For me, it wouldn't be worth the extra price as I am in the woods/in my Danner's probably 20-30 times a year.



high tech. hunter said:


> Need to get a home equity loan
> 
> $400+ for boots



Home equity....based on housing is in my neighborhood, I'd need a boot equity line of credit.


----------



## Gaswamp (Jan 6, 2010)

well I have a pair of Danners and they are good boots but they are no comparison to the Russells.  The Russells are custom made from many different measurements of each foot.  The cost kept me from buying a pair of Russells for a long time.  Mine are going on two years old and just feel like heaven when wearing.


----------



## gcs (Jan 13, 2010)

Danners


----------



## whitworth (Jan 13, 2010)

*Nothing is perfect*

If it's going to be insulated, protect from the cold, and be waterproof, they're going to have weight to them and never, ever feel like running shoes.  

Of course, I am sure some manufacturing genius will come up with all of the previous requirements with lightness for all the Country Club hunters, who might want a pair of, say, $650 boots.  They seem to do miracles where money is concerned.  

I go for cheaper.  It means a boot with a rubber cover for any weather under 30 degrees.  I skipped all eather boots in cold, snowy weather.  And I hike to get to the location with less in stockings, and add some wool socks aafter when I get to my stand location.  Walking and stand sitting are entirely different situations.    And I never found the latter beautiful and light.


----------



## southwind (Jan 24, 2010)

*boots*

Danner Pronghorns...at 18" tall the tallest snakeboots I've seen. lightweight and waterproof...Love mine


----------



## THWACKG5 (Feb 9, 2010)

I picked up a pair of Irish Setter snake boots on sale at Dicks, very aggressive traction, adverstised as water proof, havent tested the snake proof part but they seem to be water proof while in wet woods all day.
 Havent submerged them yet, but theyre comfortable and were relitively cheap, so I have no complaints.


----------



## Randy8216 (Feb 9, 2010)

do not waste your money on rocky snake boots paid $150 and the third time i wore them they started to fall apart tried to get a hold of rocky and they kept blowing me off they will never get another dollar from me!!


----------



## Dan7347 (Feb 15, 2010)

I have seen lots of good and bad, but my wife and I each wear BPS snake boots and they have been great. Never leaked, show no wear, are very comfortable in both hot and cold weather. For $99 I feel they are a great deal and I would buy them again. My two cents.


----------



## Davexx1 (Feb 16, 2010)

I like the BPS zip up snake boots.  They are light and comfortable, fairly easy to get on/off (much quicker and easier to get off/on than lace ups), affordable price, etc.
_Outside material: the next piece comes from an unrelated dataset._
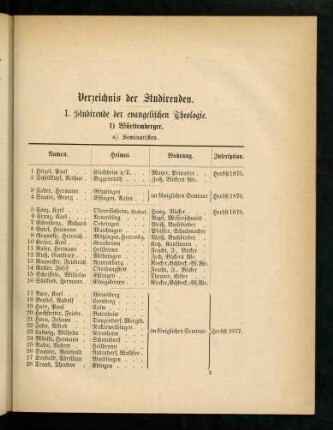 9-16, I. Studirende der evangelischen Theologie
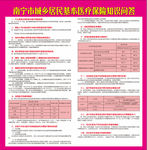 医疗保险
BUT out of three or four pair I have had over the years, each eventually start leaking.  BPS replaced one or two pairs because of the leaking, the new ones eventually started leaking also.

I wonder what is causing them to leak?  Is it the Gore Tex fabric or a seam in the Gore Tex liner that stretches or wears out allowing water to get in?  Is it the outter shell of the boot or the seams of the boot that allows water to get in?  I wish there there would be something I/we could do to prevent the water leakage as wet feet is not fun.

Dave


----------



## Sterlo58 (Feb 16, 2010)

Dan7347 said:


> I have seen lots of good and bad, but my wife and I each wear BPS snake boots and they have been great. Never leaked, show no wear, are very comfortable in both hot and cold weather. For $99 I feel they are a great deal and I would buy them again. My two cents.



x 2 - I wear the zip up and I wear them hard. No leaks and still comfortable after 3-4 years


----------



## 01Foreman400 (Feb 16, 2010)

I wear the Danner Pronghorns.


----------